## Exercise objective
Please restate every line below exactly, without any pictures.

****************************************

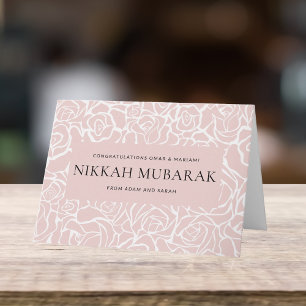 Elegant Simple Rose Gold Wedding Congratulations Card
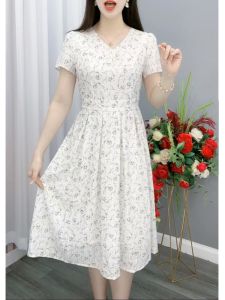 MAIMEI | High-End Floral Print Short Sleeve Dress Womens Brand White Summer Skirt Korean Style High Waist A-Line Midi Dress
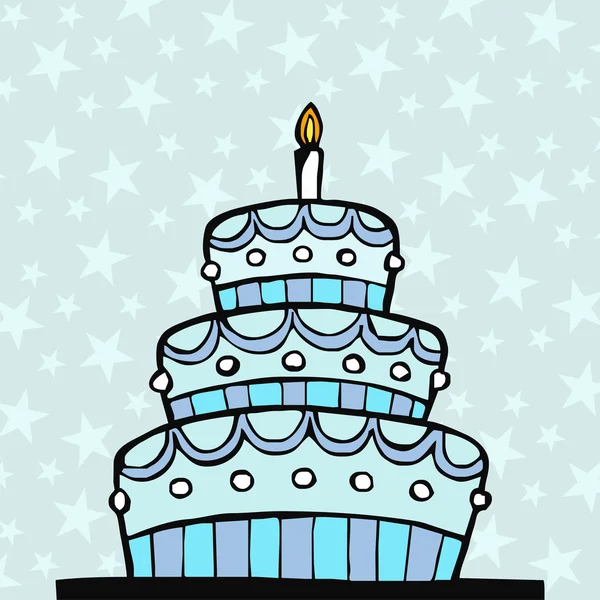 Gâteau d'anniversaire bleu clair — Image vectorielle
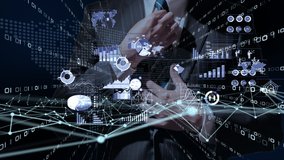 Double exposure of business person working on digital background. International technology business concept. - Powered by Shutterstock - Get 15% off with code: PIKWIZARD15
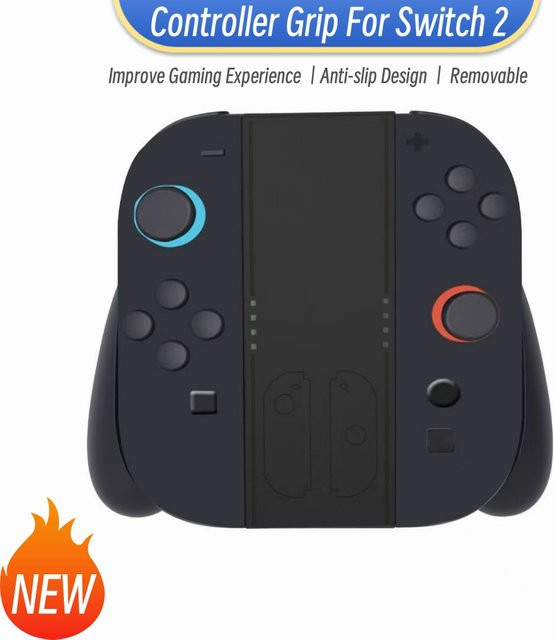 Gaming-Griff für NS2-Gamepads und Switch 2 Joy Con, Controller-Griffhalterung aus Kunststoff, Schwarz - Bild 1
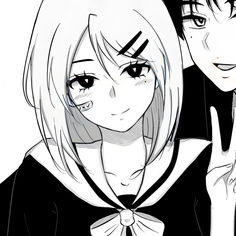 two anime characters are making the peace sign with their hands and one is wearing a bow tie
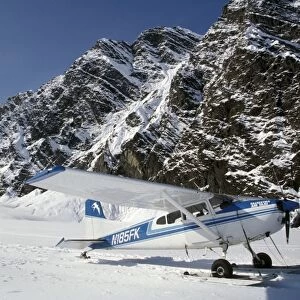 Small plane landed on glacier in Denali National Park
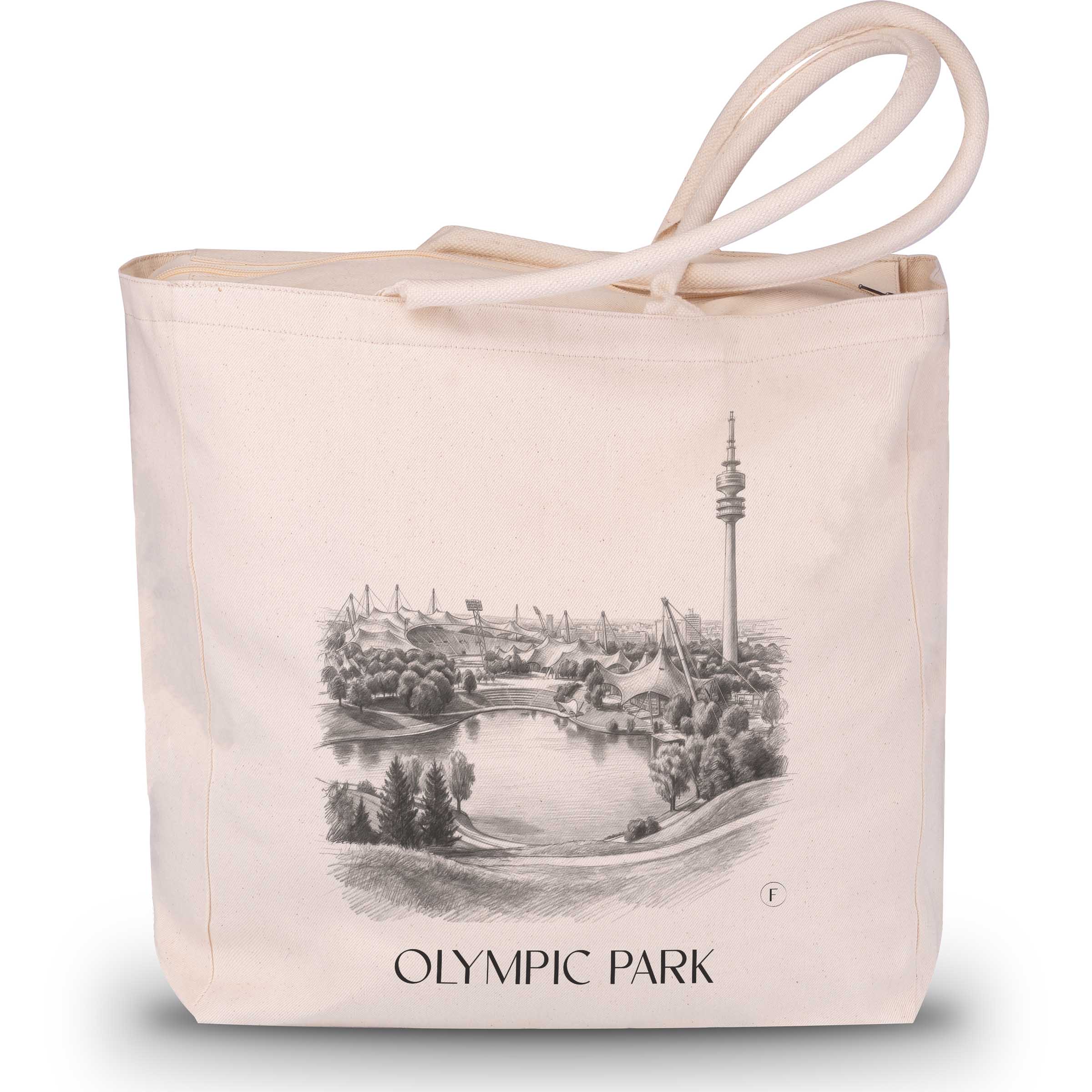 Olympic Park Shopping Bag - Munich - Germany Tote Bag - Drawing Style Shopping Bag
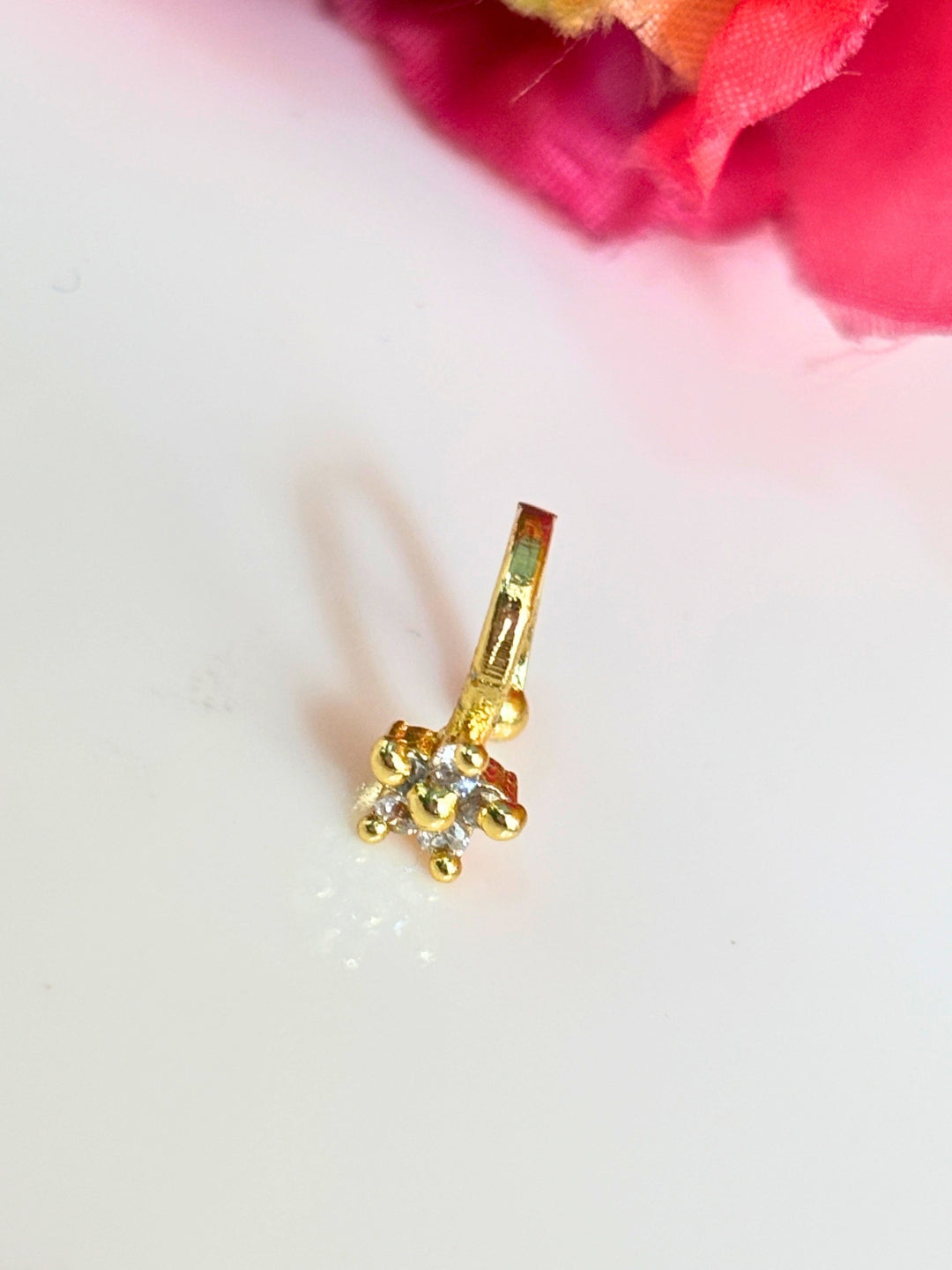 22K Gold-Plated Cubic Zirconia Studded Floral Nosepin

****************************************

## Result of the task
 Elegant Simple Rose Gold Wedding Congratulations Card
 MAIMEI | High-End Floral Print Short Sleeve Dress Womens Brand White Summer Skirt Korean Style High Waist A-Line Midi Dress
 Gâteau d'anniversaire bleu clair — Image vectorielle
 Double exposure of business person working on digital background. International technology business concept. - Powered by Shutterstock - Get 15% off with code: PIKWIZARD15
 Gaming-Griff für NS2-Gamepads und Switch 2 Joy Con, Controller-Griffhalterung aus Kunststoff, Schwarz - Bild 1
 two anime characters are making the peace sign with their hands and one is wearing a bow tie
 Small plane landed on glacier in Denali National Park
 Olympic Park Shopping Bag - Munich - Germany Tote Bag - Drawing Style Shopping Bag
 22K Gold-Plated Cubic Zirconia Studded Floral Nosepin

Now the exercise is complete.